Start of Entries provided
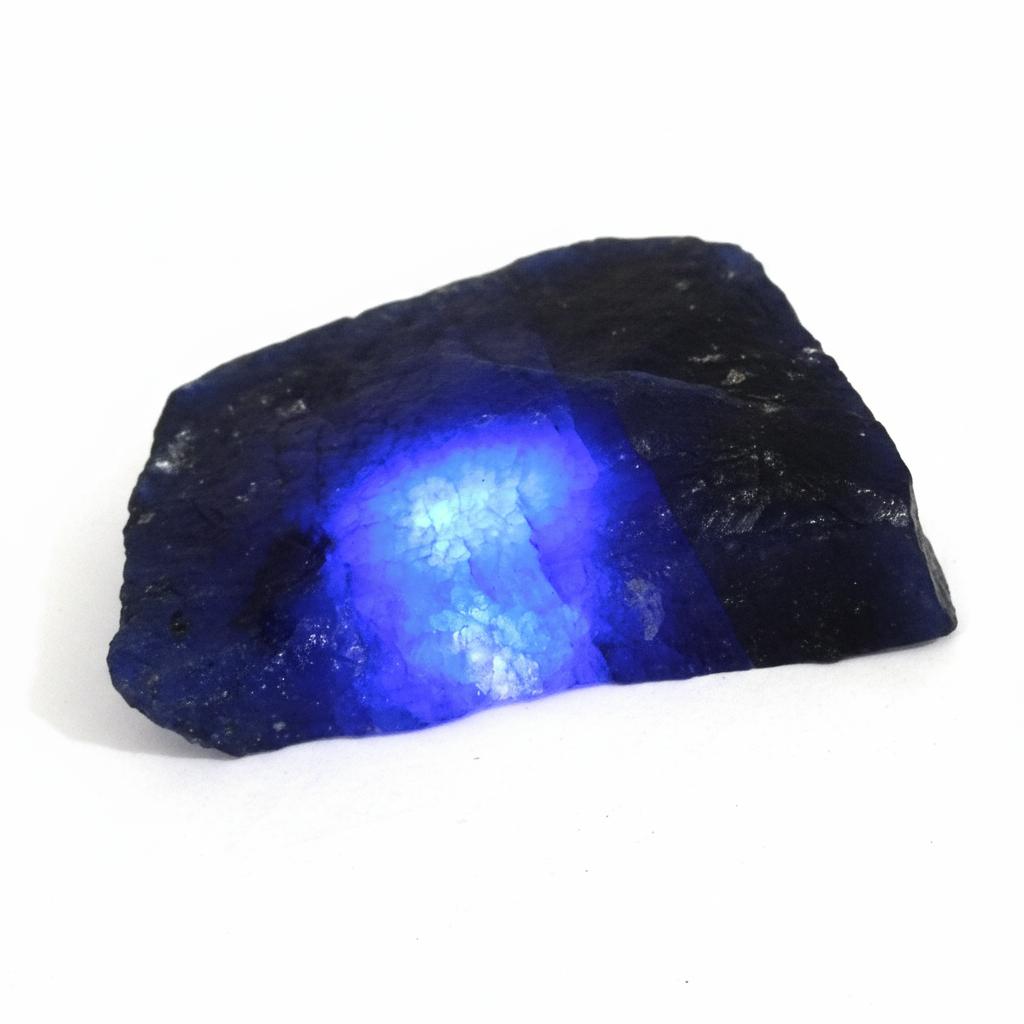 Natural Blue Sapphire Loose Gemstone Rough 1910.35 Ct Uncut September Birthstone for Gem Collections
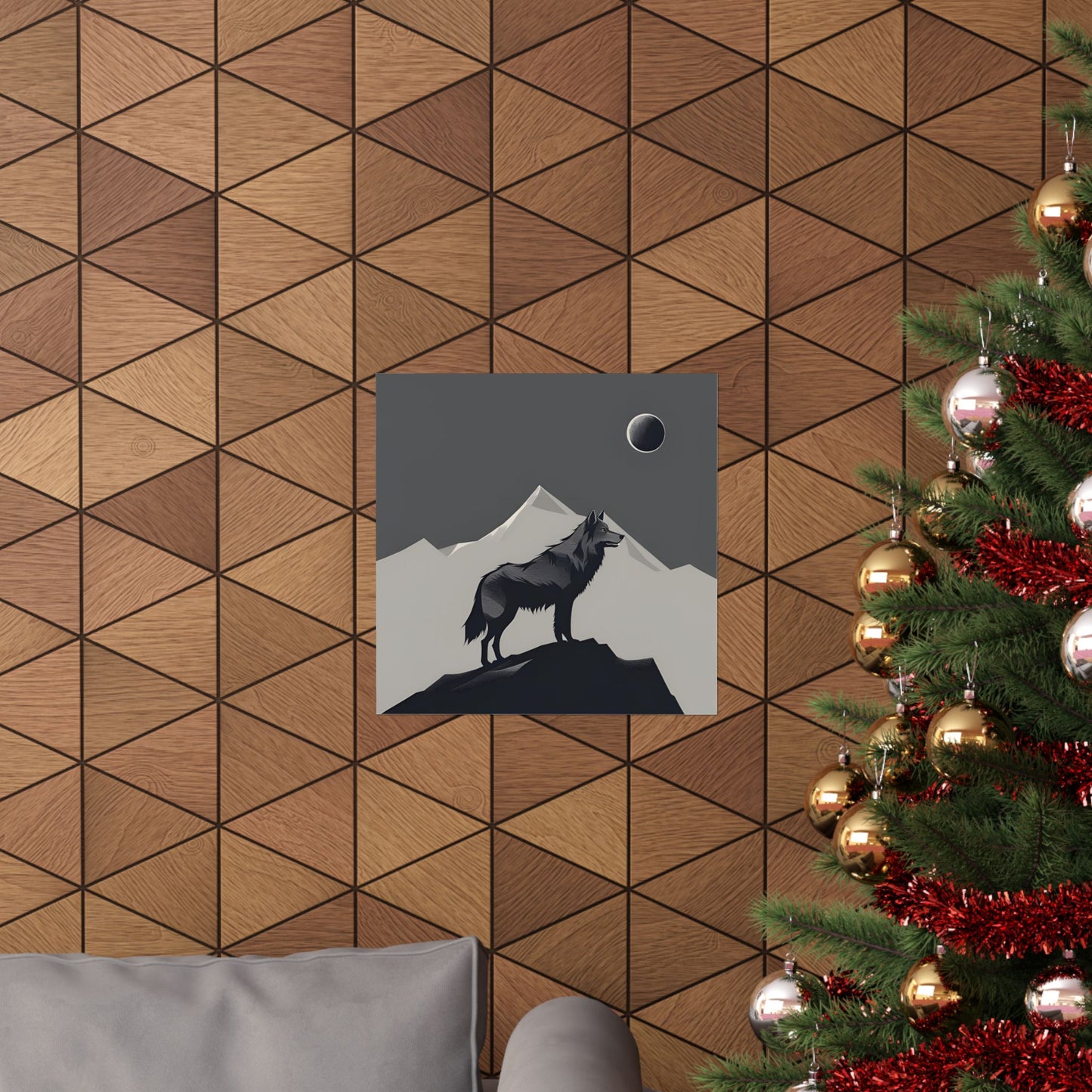 Lone Collection Wolf 4 Matte Square Posters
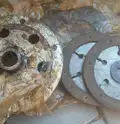 Set Disk Flywheel Dnepr, M72, K750, MW750, URAL, M61, M62, M63, M66, M67, IMZ 8.101, 8.103 7201223 — Photo 9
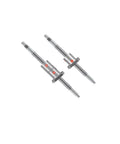 CNC Ball Screw With Flange 25mm Guide, 200mm To 2500mm Length, Lead Pitch 5mm Or 10mm, Single Nut Or Double Nut, Right Hand Threads, for CNC machines
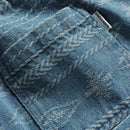 Summer Vintage Ethnic Style Wash Denim Drawstring Loose Shorts Men's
End of Entries provided
--- What to do ---
Print all of the data exactly, and do not carry over any pictures.

--- Task answer ---
 Natural Blue Sapphire Loose Gemstone Rough 1910.35 Ct Uncut September Birthstone for Gem Collections
 Lone Collection Wolf 4 Matte Square Posters
 Set Disk Flywheel Dnepr, M72, K750, MW750, URAL, M61, M62, M63, M66, M67, IMZ 8.101, 8.103 7201223 — Photo 9
 CNC Ball Screw With Flange 25mm Guide, 200mm To 2500mm Length, Lead Pitch 5mm Or 10mm, Single Nut Or Double Nut, Right Hand Threads, for CNC machines
 Summer Vintage Ethnic Style Wash Denim Drawstring Loose Shorts Men's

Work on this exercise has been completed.